Audio Outfitters has one. The company’s earPod ($11.99) is a white plastic storage case that protects and winds the cord of earbuds such as Apple’s. Once your earbuds are safe, you can toss the case in your pocket or belt clip the whole affair on your pants if you desire. earPod is so simple in concept that we won’t spend a lot of time discussing it, but here are the basics.

Picture an oversized, all-white Oreo cookie and you’ll understand the basics of earPod’s design. Then imagine what you’d find inside if you spun off one of the Oreo’s cookie pieces: frosting, right? In the earPod, one face rotates off to reveal a large white padded hole with room for Apple’s packed-in iPod earbuds or most other in-canal earphones. Plastic spokes around the hole provide multiple openings for your cord, which then winds around the protective central chamber. After winding, you seal the case shut. If you want to use the earPod’s rear-mounted, small but sturdy belt clip, you can, or you can detach the clip to give the case a thinner profile for your pocket or bag.

The earPod does exactly what it promises to do, and we generally like how it looks and feels. While not a perfect match for the iPod in the sense that its matte plastic is dull by comparison with Apple’s acrylic, it looks good enough and is likely more scratch-resistant for Audio Outfitters’ choice of materials. And though it’s a little larger than we’d like – mostly due to its ability to hold more than just Apple’s small earbuds – we wouldn’t hesitate to recommend it to people who want to protect their earphones. It’s solid and well-made, and for $11.99 won’t break your wallet if you need its functionality.

Grade: B

BTI Auto/Air Adapter

American Airlines promised that our cross-country flight would be off the ground at 12:16, but it was 4:00 and we hadn’t left yet – no surprise given their recently mediocre reputation. Thankfully, we were counting on our juiced-up iPod photo to keep us entertained, but after four hours, the battery of a 3G iPod or mini would have been almost half gone, and a 4G battery would be down to two-thirds – before we even took off. Would there have been any way to keep the music playing all trip long, even despite the delays?

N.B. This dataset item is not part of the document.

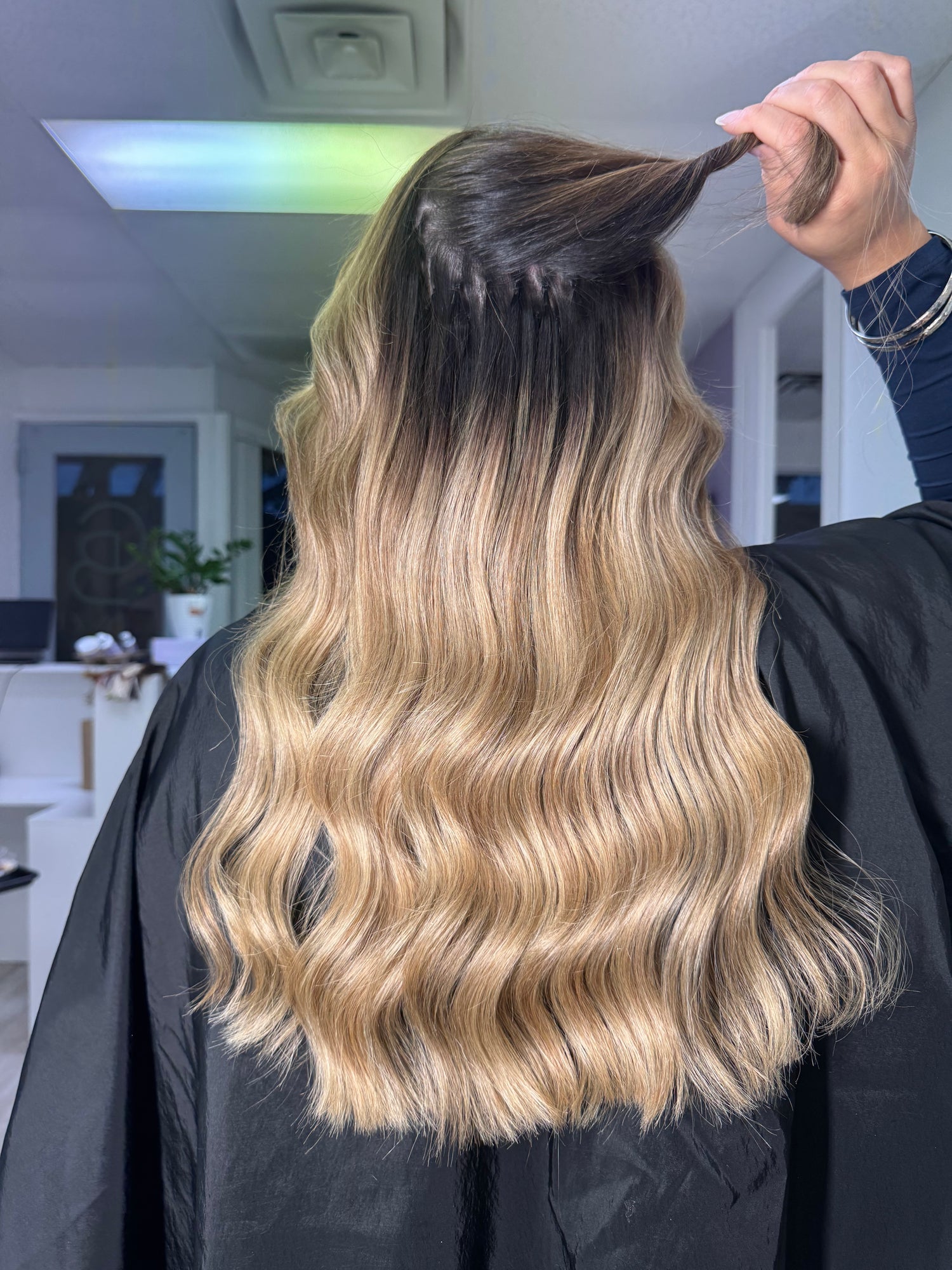 KIKI’S  LOOK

Answer: yes. Assuming that you’re in the airplane’s correct seating section – something you can plan for in advance – Battery Technology Incorporated’s new iPod Auto/Air Adapter ($24.99, available $18.99 and up) will provide the energy you need for as long as you’re on the plane. Made from two interconnecting pieces of iPod-matching white plastic, the power adapter doesn’t charge your iPod, but it otherwises act like a direct AC power source, keeping your music playing until it’s unplugged.

The Auto/Air Adapter’s first piece consists of an Apple Dock Connector plug and cable that leads into and out of a white power regulating box, which leads to an air power adapter plug. Apple’s Dock Connector plug is the thinnest and most compatible one we’ve seen with third-party cases, so we like to see it in accessories. A second white and metal piece transforms the air adapter to an auto-ready power adapter so that the Adapter can be used in your car, locking firmly to the Air adapter plug with a clasp. BTI includes a single greenish light on the power box that illuminates whenever power is running through the Adapter.

In-Air/In-Car Tests

We tested the Auto/Air Adapter four hours into the aforedescribed American Airlines itinerary when our test iPod’s battery began to show signs of discharge, plugging it in to one of the plane’s in-seat power adapters. Surprisingly, though many planes have been equipped with smaller ports that fit the Adapter’s air plug, this flight instead had a full DC power jack identical to the one in an automobile. Equipped with the Adapter’s auto plug, we had no problem switching over to a compatible power plug standard.

By design, the iPod’s battery meter instantly showed full power when the Adapter was connected, but didn’t display a charging icon as it normally would with devices described as “car chargers.